=== Material supplied ===

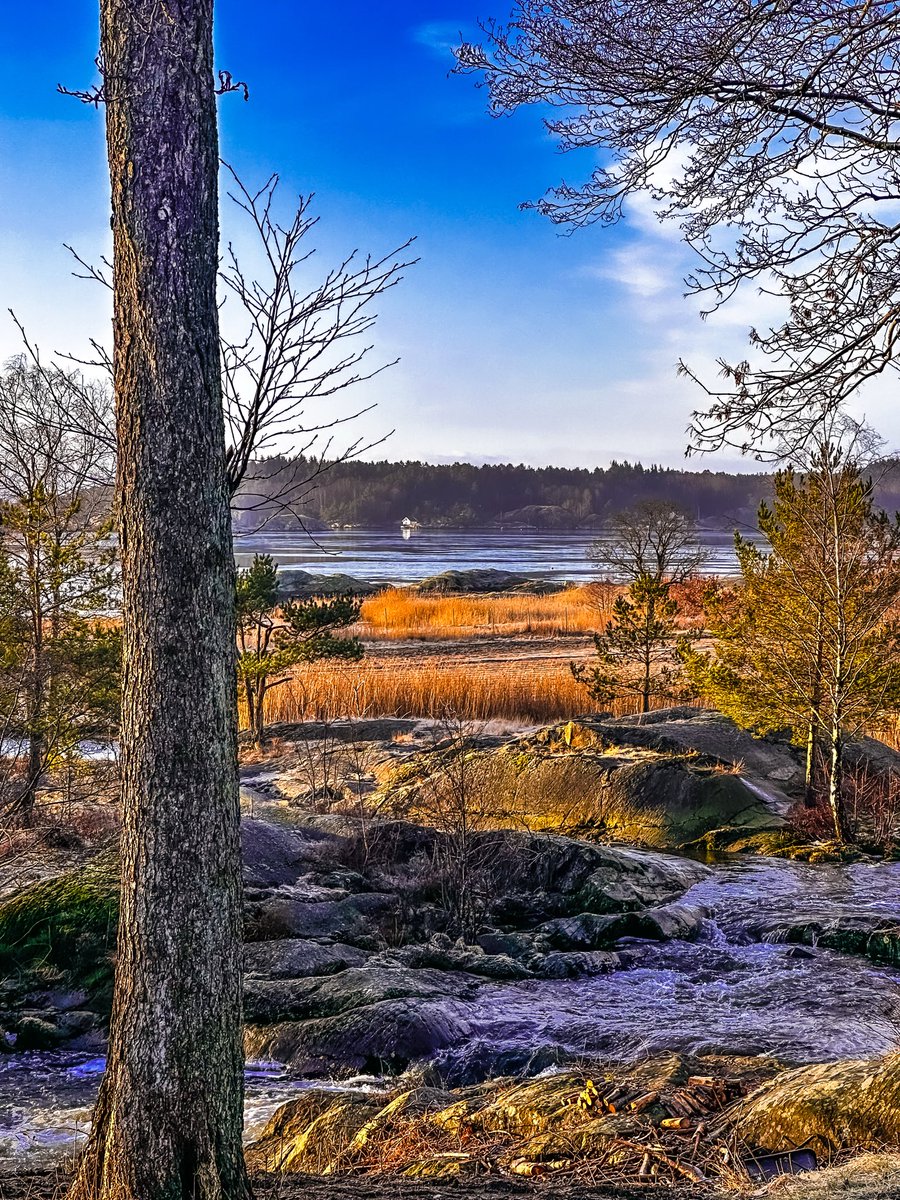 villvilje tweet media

===
=== Material supplied ===

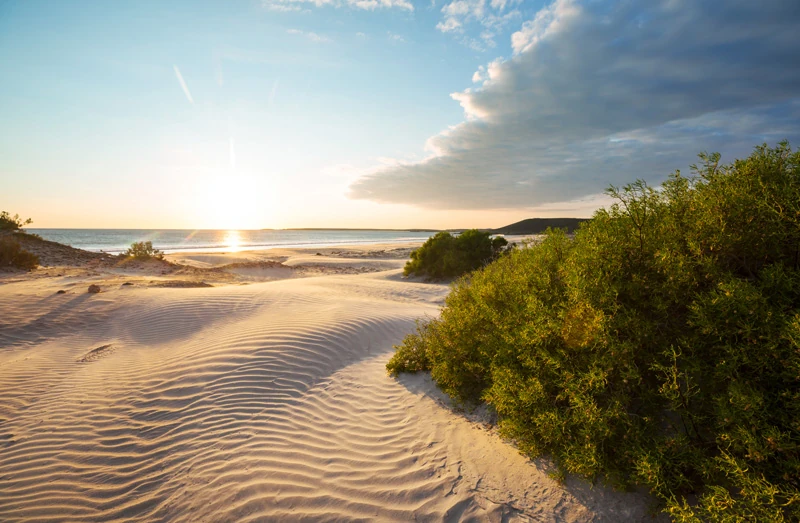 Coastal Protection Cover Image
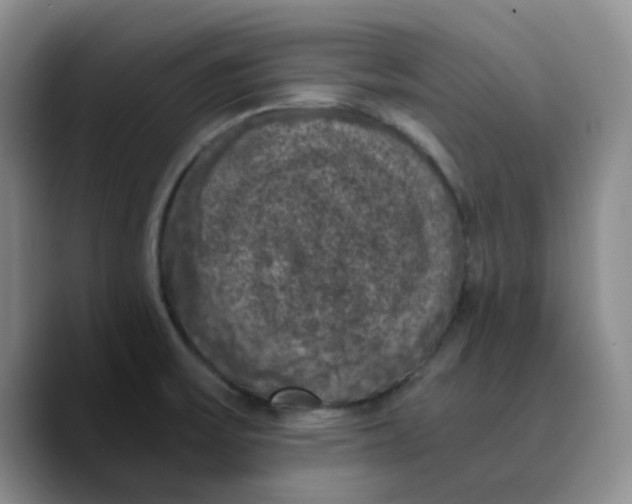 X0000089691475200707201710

===

**Description of the task**:
Using the data above, copy exactly the lines from the one containing "Coastal Protection Cover Image" to the one containing "X0000089691475200707201710", inclusive. Exclude the pictures.

**Task solution**:
 Coastal Protection Cover Image
 X0000089691475200707201710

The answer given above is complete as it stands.